# Diagrama generador rf gaf 65



## toni1 (Oct 27, 2012)

hola tengo un generador rf gaf 65, todo parece estar bien, las valvulas son nuevas pero no funciona, no tengo la sonda aunque deveria funcianar con un cable, alguien me podria ayudar , bien con el esquema o como construir la sonda gracias


----------



## noransolrac (Sep 6, 2013)

Hola, el aficionado es mi padre, pero me pide que le consiga informacion por internet.
Un saludo.



Hola, es mi padre el que esta buscando lo mismo, es aficionado a la reparacion de radios de valvulas y tiene este generador de radiofrecuencia. ¿conseguiste algo?
Un saludo


----------



## miguelus (Sep 6, 2013)

Buenas tardes.

Curioso Generador Fabricado por el Labortorio de Metrología Electrónica 

Mirar en esta página...

http://www.radiomuseum.org/r/laboratome_generador_rf_gaf_65.html

Sal U2


----------



## noransolrac (Sep 6, 2013)

Gracias, entro en esa pagina pero no puedo sacar el esquema ni la documentacion que tiene, es para miembros de pago.
¿tu la tienes?

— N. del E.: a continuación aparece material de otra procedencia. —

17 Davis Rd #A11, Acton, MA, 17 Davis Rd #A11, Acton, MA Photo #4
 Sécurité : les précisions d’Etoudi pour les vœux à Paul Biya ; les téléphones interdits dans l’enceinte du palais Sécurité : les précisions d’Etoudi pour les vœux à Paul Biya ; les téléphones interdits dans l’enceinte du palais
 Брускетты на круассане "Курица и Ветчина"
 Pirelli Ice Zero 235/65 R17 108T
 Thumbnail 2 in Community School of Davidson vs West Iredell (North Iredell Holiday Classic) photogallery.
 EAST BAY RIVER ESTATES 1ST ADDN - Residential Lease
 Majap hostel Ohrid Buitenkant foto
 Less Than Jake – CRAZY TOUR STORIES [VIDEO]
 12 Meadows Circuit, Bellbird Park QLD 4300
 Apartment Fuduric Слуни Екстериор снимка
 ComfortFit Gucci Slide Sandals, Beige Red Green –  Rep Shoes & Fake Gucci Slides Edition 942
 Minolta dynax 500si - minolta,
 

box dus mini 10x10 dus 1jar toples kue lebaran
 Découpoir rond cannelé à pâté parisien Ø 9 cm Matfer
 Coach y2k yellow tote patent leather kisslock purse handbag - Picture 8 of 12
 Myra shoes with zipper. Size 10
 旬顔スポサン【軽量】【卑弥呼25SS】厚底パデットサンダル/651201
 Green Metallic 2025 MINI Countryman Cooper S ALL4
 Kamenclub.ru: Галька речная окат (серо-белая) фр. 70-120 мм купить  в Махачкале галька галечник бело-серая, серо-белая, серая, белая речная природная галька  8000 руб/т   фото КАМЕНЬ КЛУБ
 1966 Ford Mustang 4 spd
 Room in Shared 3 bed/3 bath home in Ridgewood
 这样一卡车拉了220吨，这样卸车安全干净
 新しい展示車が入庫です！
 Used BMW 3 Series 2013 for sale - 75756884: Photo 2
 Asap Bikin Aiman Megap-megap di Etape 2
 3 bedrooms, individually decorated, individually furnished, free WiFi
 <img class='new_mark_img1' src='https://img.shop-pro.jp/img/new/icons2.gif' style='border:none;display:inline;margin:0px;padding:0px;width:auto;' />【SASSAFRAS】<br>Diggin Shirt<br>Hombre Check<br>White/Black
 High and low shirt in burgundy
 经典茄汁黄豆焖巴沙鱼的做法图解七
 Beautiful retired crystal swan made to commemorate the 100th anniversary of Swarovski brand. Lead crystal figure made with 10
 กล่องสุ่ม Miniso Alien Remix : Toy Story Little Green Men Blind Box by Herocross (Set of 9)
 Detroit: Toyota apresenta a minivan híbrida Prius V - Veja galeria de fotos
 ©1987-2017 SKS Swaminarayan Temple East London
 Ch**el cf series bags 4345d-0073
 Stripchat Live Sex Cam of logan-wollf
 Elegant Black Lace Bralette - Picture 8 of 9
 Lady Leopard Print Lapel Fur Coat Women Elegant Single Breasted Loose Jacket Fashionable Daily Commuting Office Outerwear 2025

Un saludo


----------



## miguelus (Sep 7, 2013)

noransolrac dijo:


> Gracias, entro en esa pagina pero no puedo sacar el esquema ni la documentacion que tiene, es para miembros de pago.
> ¿tu la tienes? Un saludo



Pués no, no lo tengo, lo siento 

Sal U2


----------



## toni1 (Sep 9, 2013)

hola , es un esquema muy simple tan solo de dos valvulas, comenta que le pasa un saludo...no tengo el esquema


----------